日本人は、自分が他人の目にどう映るか、他人の視線を絶えず気にしながら生きている。それと同時に、他人が何をしているか、興味津々で大きな関心を持ち、視線を絶えずちらちら無遠慮に送り合って、相互監視しようとする。何をするにも「周囲の目」の存在が付いて回るのである。
日本人は、「皆の面前で」格好よく目立ちたい、威張りたい、皆を代表したいとか、上に立って指示、指図、命令したいとか、周囲に有能、できると思われ、周囲よりも早く出世、昇進したいといった、周囲の視線を前提とした「見栄っ張り」の性質を持っている。
日本人は、たくさんの人が見物する舞台の上で、格好良く「見得を切る」歌舞伎役者のように、自分も少しでも格好良く皆の前でぴしっときれいに決めたいという欲求を持っている。自分のプラス面を皆の目の前で格好良く披露して、よく見られたい、体面を傷つけず維持したいと考える。
一方、皆の見ている前で失敗して恥をかきたくない、皆の見ていないところで失敗したい、といったように、自分のマイナス面を他人に見られるのを、自分の体面に傷が付いたとして、非常にいやがる。いわゆる「恥の文化」である。
他者の視線を浴びるとき、自分のマイナス面を見られ注目されて、自分の面目が傷つけられ、マイナスの感情を抱くのが「恥」であり、プラス面を見られ注目されて、自分の面目を保ってプラスの感情を抱くのが「見栄、見得」であると言える。
このように、互いに他人の目、視線の存在に非常に敏感で、絶えず「周囲に見られている」という感覚を持つと共に、周囲の他人が何をしているか絶えず気になって、視線を送って監視、のぞき見するのに敏感で、絶えず周囲を見ていないと気が落ち着かないという感覚を持つのは、一種の病的な状態であり、「視線敏感症候群(シンドローム)」とでも名付けることができる。

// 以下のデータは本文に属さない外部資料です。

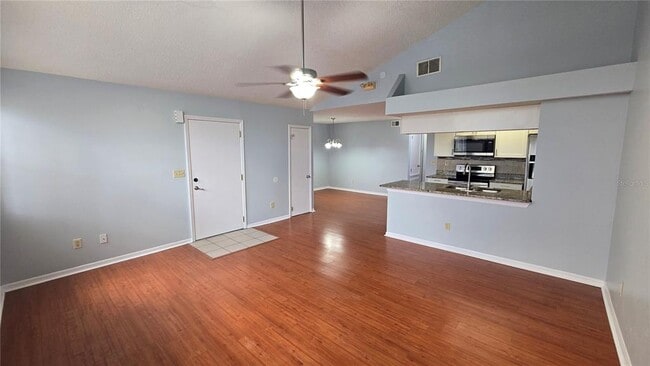 Building Photo - 2747 N Poinciana Blvd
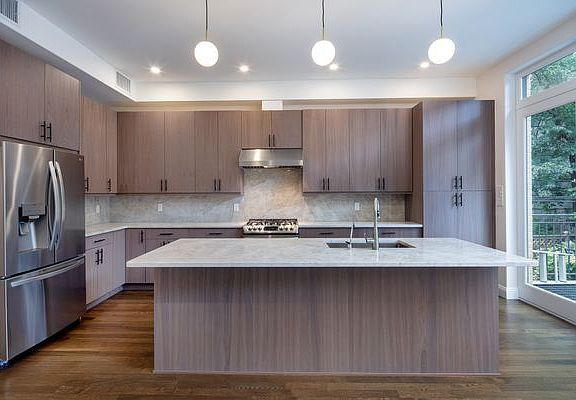 3rd image of 419 1st St #1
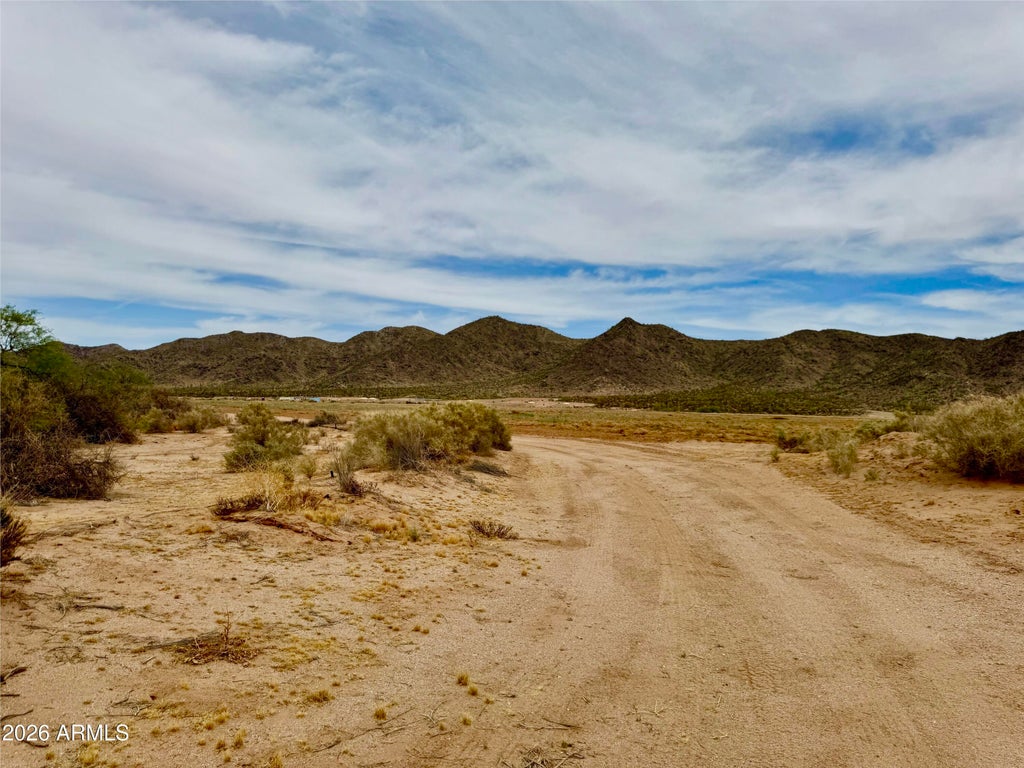 Photo of Tbd Peart Rd 1.25 Acres #-, Eloy, AZ 85131 (MLS # 7036068)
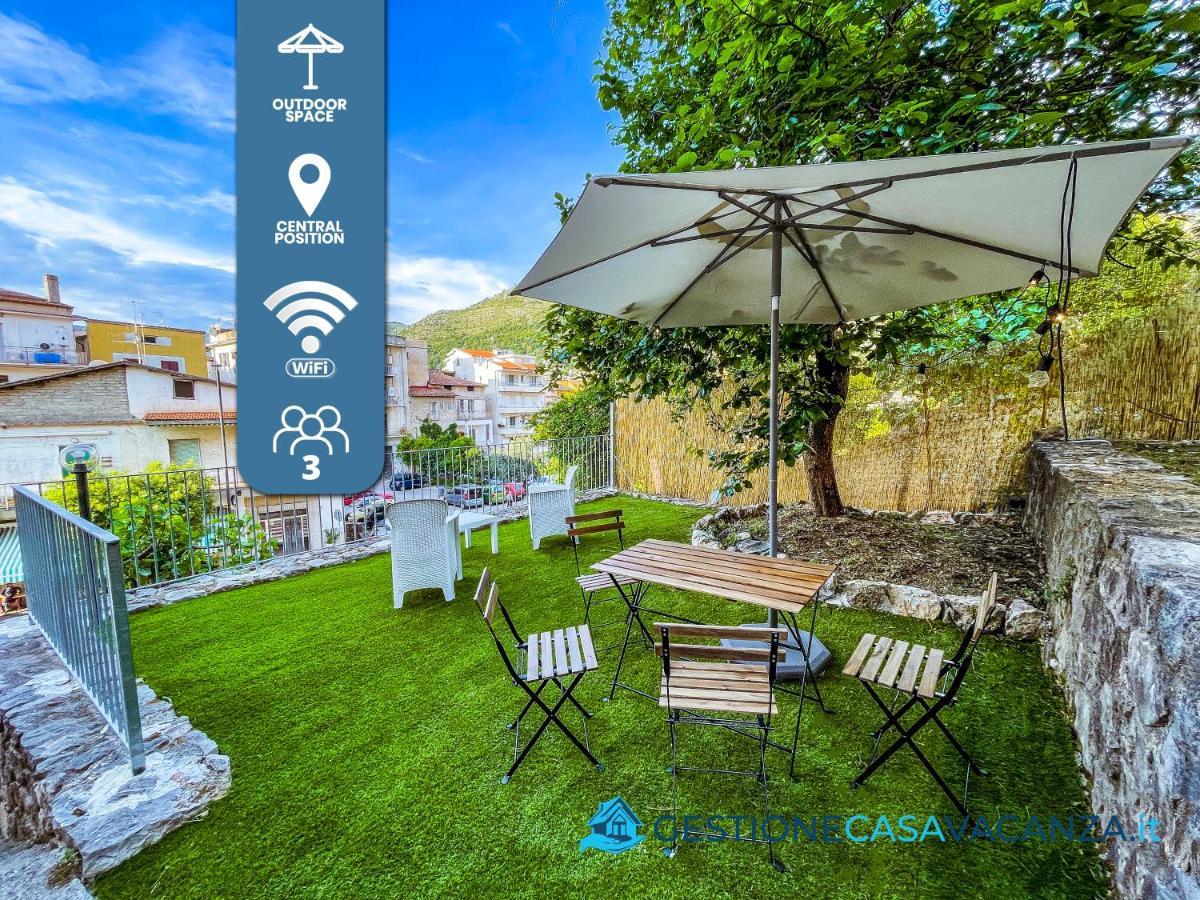 Casa Con Ampio Giardino In Centro La Taverna Villa อิทริ ภายนอก รูปภาพ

要するに、何をするにも、互いに周囲の他者の視線を絶えず気にしながら行うようになってしまう病気である。
視線敏感症候群(シンドローム)の表面(周囲に自分の良いところ、プラス面を積極的に見せようとする側面)が「見得、見栄」であり、裏面(周囲に自分の悪いところ、マイナス面を見せまいとする側面)が「恥」であると言えるのではないか。その点、「見得、見栄」と「恥」とは表裏一体の関係にあると考えられる。
また、視線に敏感であることについては、周囲の他者から受ける視線に敏感である側面(周囲からの視線の受信に敏感)、周囲の他者のすることが気になって、周囲に視線を盛んに送ることに敏感である側面(周囲への視線の送信に敏感)の2つの側面を同時に考える必要がある。
この病気に、自分の体面や見栄を気にする多くの日本人がかかっているということができる。
あるいは、「面子」の維持に神経を使う中国人とか、東アジア全般に見られる症状かも知れない。
常に他人との関わりの中で生きている女性的な病気であるとも言える。
互いに他者の目を気にするということは、互いに周囲の他者との絶え間ない関わり、結びつきの中で生きているということであり、関係指向の、相互の良好な一体感を重んじる液体的な生き方である。それは、他者に対して、良好かつ優位な立場を持ちたい、保ちたい、と同時に、変な目立つ失敗をして周囲の他者の自分に向ける目が厳しくなることで他者といままで築いてきた良好な関係が崩れ、他者に対して劣位に立つはめになるのを避けたいという心理が働いていることを意味する。
こうした視線敏感症候群(シンドローム)と反対の生き方は、他者の存在や視線に無関心で、自分の行きたい、やりたいことを、失敗等恐れずにマイペースでやっていく生き方であり、欧米等の気体的な社会がこちらに当たると考えられる。こちらも、他者の視線への無関心の度合いが進みすぎると、それはそれで問題なのだと考えられる。これは、視線無関心症候群(シンドローム)とでも呼べる。